Der Historiker und Journalist Volker Ullrich nimmt dies besondere Jahr in seinem jüngst im C.H. Beck-Verlag erschienenem Buch genauer unter die Lupe. Dabei betrachtet er verschiedene wesentliche inhaltliche Schwerpunkte: Die Besetzung des Ruhrgebiets durch französische und belgische Truppen und den darauf folgenden passiven Widerstand (Ruhrkampf), wirtschaftliche Auswirkungen des Ruhrkampfs (Von der Inflation zur Hyperinflation), unter Beachtung nationaler und internationaler Einflussgrößen. Weitere Kapitel widmen sich den rasanten, teilweise chaotischen politischen Verhältnissen in Deutschland (Regierungskrisen, Auf und Ab demokratischer Kräfte und Parteien, separatistische (Abspaltungs-) Bewegungen innerhalb des Reiches), bevor eine Phase der relativen Stabilisierung einsetzt und auf innen-, wie auch auf außenpolitischem Parkett ein wenig zur Ruhe einkehrt. Nicht vergessen wird auch die große Bedeutung der Kultur im Schatten dieser Krisen, wie der Autor das achte Kapitel selbst benannt hat; die Golden Twenties lassen grüssen! Ein abschließender Abschnitt widmet sich einem Ausblick und gewährt interessante Erkenntnisse über die Fortentwicklungen, zunächst mündend in einer stabilen Phase, bevor die Auswirkungen der Weltwirtschaftskrise 1928/1929 mit ihren fatalen Folgen dargestellt werden.
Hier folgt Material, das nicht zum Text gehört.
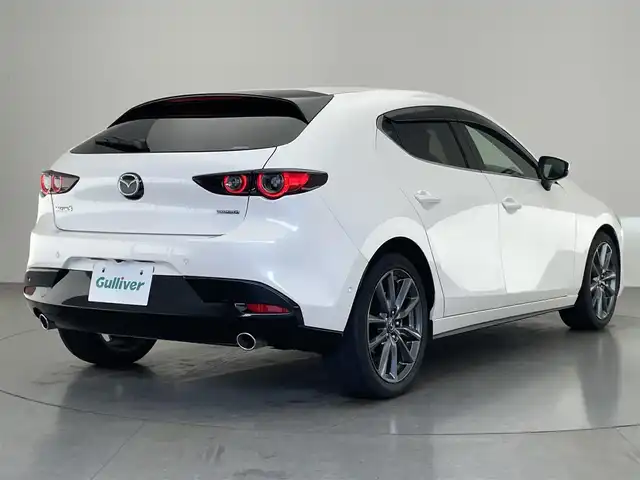 マツダ マツダ３ファストバック 20S Lパッケージ 愛知県 2019(令1)年 1.6万km スノーフレイクホワイトパールマイカ 純正８．８型ナビ　黒革　ＨＤＭＩ　禁煙車　ＨＵＤ　バックカメラ　シートヒーター　ＢＳＭ　前後ドラレコ　ＥＴＣ　衝突軽減　追従クルコン　メモリーシート　ＬＥＤオートライト　オートワイパー　フルセグＴＶ　DVD再生　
Der Autor Volker Ullrich ist ein ausgewiesener Experte der neueren deutschen Geschichte, wobei seine zweibändige Hitlerbiographie einen besonderen Stellenwert einnehmen dürfte Dass er zu Schreiben versteht und in der Lage ist, die Leserschaft mitzunehmen in die faszinierende Welt der Historie, beweist er ein weiteres Mal auch mit dem vorliegenden Buch.
Wer es gewohnt ist, geschichtliche Ereignisse streng chronologisch zu behandeln, wird hier ein flexibel reagieren müssen: es sind die inhaltlichen Schwerpunkte, die innerhalb eines Kapitels wiederum chronologisch betrachtet werden, stringent, schlüssig und mit der Kunst der Schwerpunktlegung auf wesentliche Geschehnisse. So entsteht ein ausgezeichneter Überblick. Der ein oder andere "Aha-Effekt" ist garantiert. Auch der von ihm geschlagene Bogen am Ende des Buches und die hiermit verbundene Frage: welche Einflüsse hatten die Krisen des Jahres 1923 auf die politische Entwicklung bis zum Jahre 1933 (Machtübernahme durch die Nationalsozialisten, bieten hinreichend Stoff zum Nachdenken.
Alles in allem ein hochinteressantes und spannendes Buch, das bei der Lektüre keine Langeweile aufkommen lässt und einen ausgezeichneten Beitrag zur historischen Bildung leistet - sehr empfehlenswert!
Dietmar Langusch, Lehrerbibliothek.de
Verlagsinfo
Deutschland 1923
DAS JAHR AM ABGRUND
«Kein Volk der Welt hat erlebt, was dem deutschen ‹1923›-Erlebnis entspricht», schrieb Sebastian Haffner im englischen Exil, und Stefan Zweig befand, dass die Geschichte noch «nie eine ähnliche Tollhauszeit in solchen riesigen Proportionen produziert» habe. Volker Ullrich erzählt auf breiter Quellenbasis die Geschichte dieses Jahrs am Abgrund, das in manchem auf fatale Weise an die heutige Gegenwart erinnert. Nach der vielgerühmten Hitler-Biografie und dem Bestseller «Acht Tage im Mai» legt der renommierte Journalist und Historiker nun das Panorama einer aus den Fugen geratenen Zeit vor, die Chronik eines in jeder Hinsicht extremen Jahres.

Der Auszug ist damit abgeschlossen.